R-group decomposition is a special kind of substructure search that aims at finding a central structure - scaffold - and identify its ligands at certain attachment positions. The query molecule consists of the scaffold and ligand attachment points represented by R-groups. These R-groups are simple R-group atoms without R-group definitions in most cases. An example query structure is shown below:
![]() |
Note, that there are two R1 atoms referring to symmetrical ligand positions.
By default, this means that the matching ligands should be identical. You can change this
behavior by setting the --skip-same-structure-check parameter, in which case
the same RGroup index is only used to denote symmetrical positions on the scaffold and
different ligands at these positions are also accepted.
Ligand attachments are allowed at implicit H atoms,
but these attachment points are not stored and are not shown in the output.
To allow attachments only at R-group positions, you should add explicit H atoms
in place of all implicit hydrogens. This can also be done automatically by the
H command line option. The resulting query structure is shown below:
![]() |
To achieve just the opposite, there is another query transformation option
that adds R-groups in place of implicit hydrogens, allowing and storing all attachments
at implicit hydrogens. This is useful if you are interested in all scaffold-ligand attachments.
In this case you do not need to add R-group connections manually to your original query
if you use the R command line option. The resulting query structure is shown below:
![]() |
As an example, take the following targets:
![]() |
Decompositions using the different query options (no modification, hydrogenize, add R-groups)
are shown below. By default, decomposition is generated for the first hit only. To process all
hits, set the --allHits option.
Standardization may be necessary, the aromatization task is usually needed: substructure search
requires aromatized query and target structures and also assumes that the same functional group
representation is used in the query and the target molecules (e.g. nitro-groups,
also think of tautomer and mesomer forms). If your input file format contains the non-aromatized
form of the molecules (e.g. SDF) then aromatization should be specified. Standardization can be
specified in the --standardize option.
The following examples show some decomposition tables that can be
obtained by running the rgdecomp command line tool or directly using the
R-group Decomposition API.
Ligand attachment points are represented by a connection to an any-atom in the scaffold,
atom color codes are defined in Colors.ini and coloring data is
stored in the molecule property "DMAP". In the examples below, we choose MRV output format
so that this color data can be stored in an MRV tag and we sepcify this tag name with the
color definition file when running mview. To get a nice table output, we also
specify the number of columns in the -c parameter.

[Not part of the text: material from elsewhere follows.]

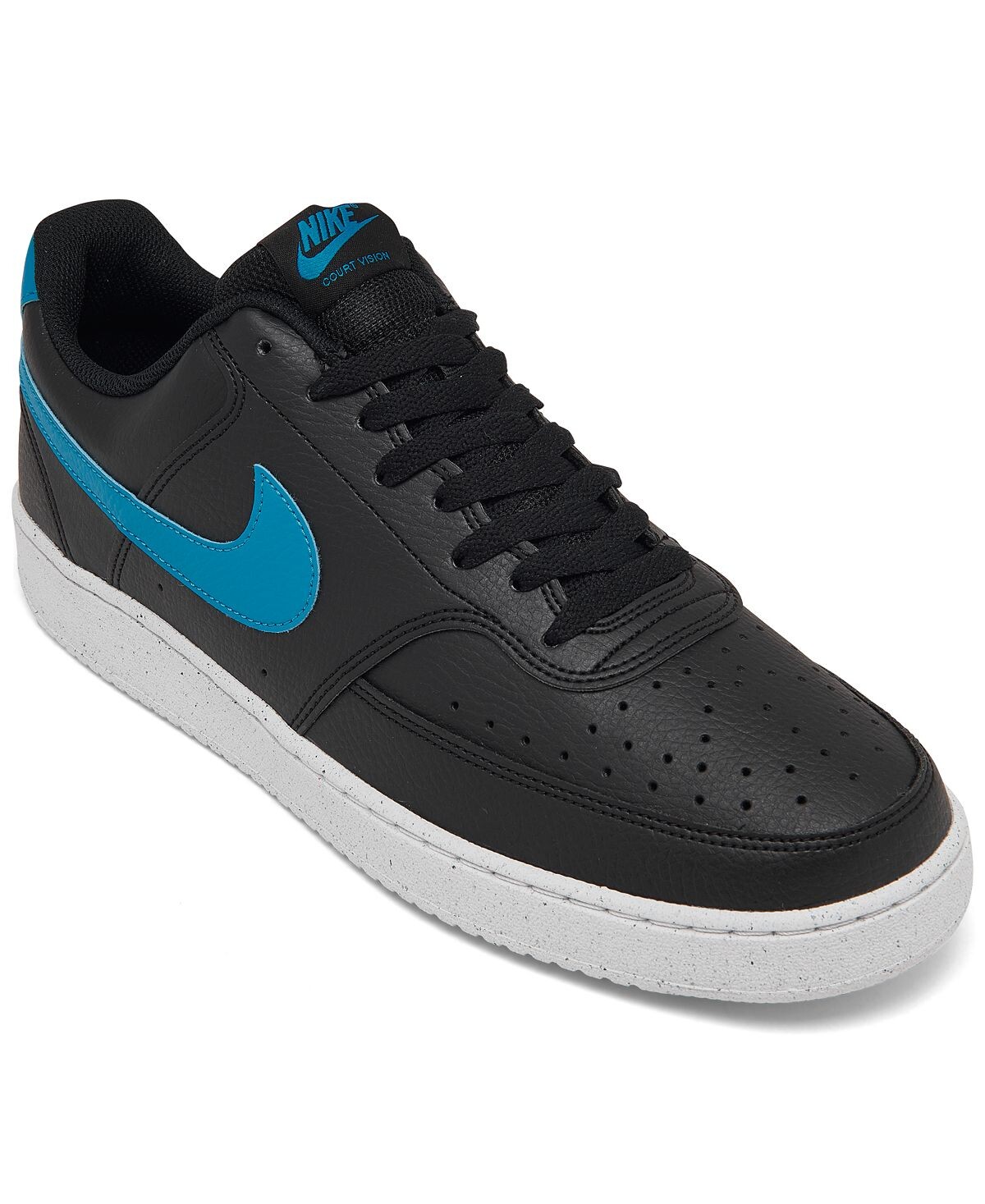 

Мужские повседневные кроссовки Court Vision Low Next Nature от Finish Line Nike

Alternative decomposition output styles for the above query and targets are shown later.
To run these examples, refer to the preparation instructions.
rgdecomp -S "aromatize" -q query.mol targets.sdf -a P -f sdf:-a -o result.sdf mview -t DMAP -p Colors.ini -c 4 -r 4 result.sdfYou can also pipe the output of
rgdecomp directly to mview
under Linux/Unix systems:
rgdecomp -S "aromatize" -q query.mol targets.sdf -a P -f sdf:-a | mview -t DMAP -p Colors.ini -c 4 -r 4 -
Note, that we have to set aromatization since our molecules are in dearomatized form (SDF).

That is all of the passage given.